From the entries below, print exactly the span beginning with the line holding "五十鈴皮卡炸藥運輸車側(cè)面圖" and ending with the line holding "2017 Toyota Sienna XLE Auto Access Seat 13", endpoints included, and skip any pictures.

*** Opening Material for the task ***

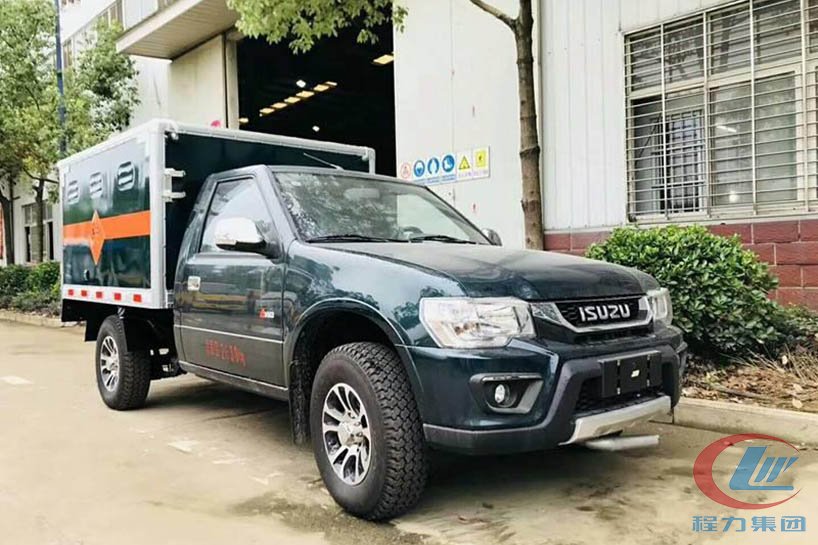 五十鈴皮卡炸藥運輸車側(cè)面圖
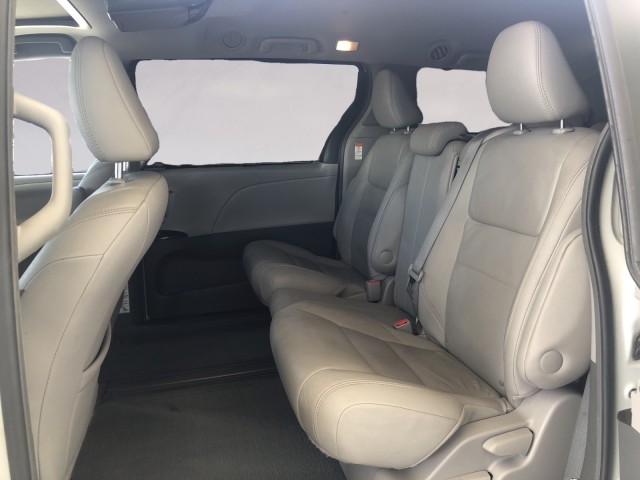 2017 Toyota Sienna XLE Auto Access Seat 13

*** Closing Material for the task ***
*** Opening Material for the task ***

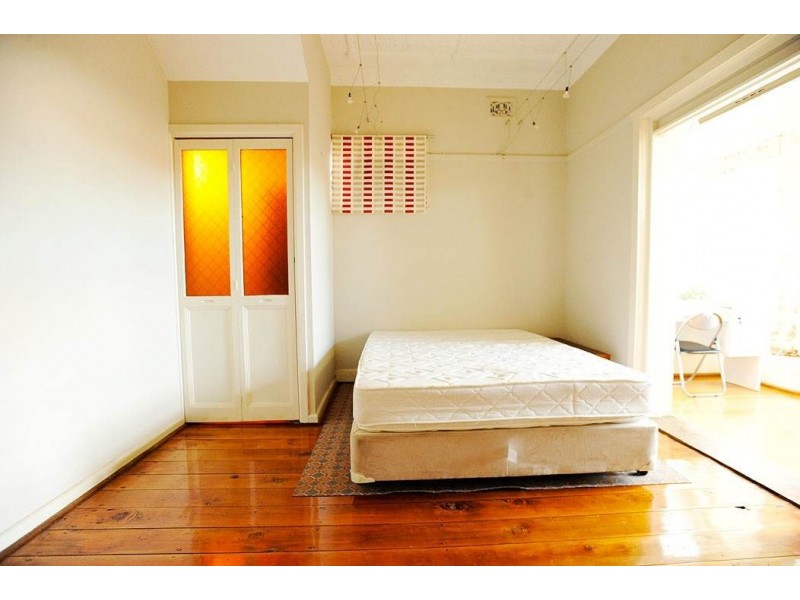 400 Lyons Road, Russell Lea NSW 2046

*** Closing Material for the task ***

_Solution for this problem_:
 五十鈴皮卡炸藥運輸車側(cè)面圖
 2017 Toyota Sienna XLE Auto Access Seat 13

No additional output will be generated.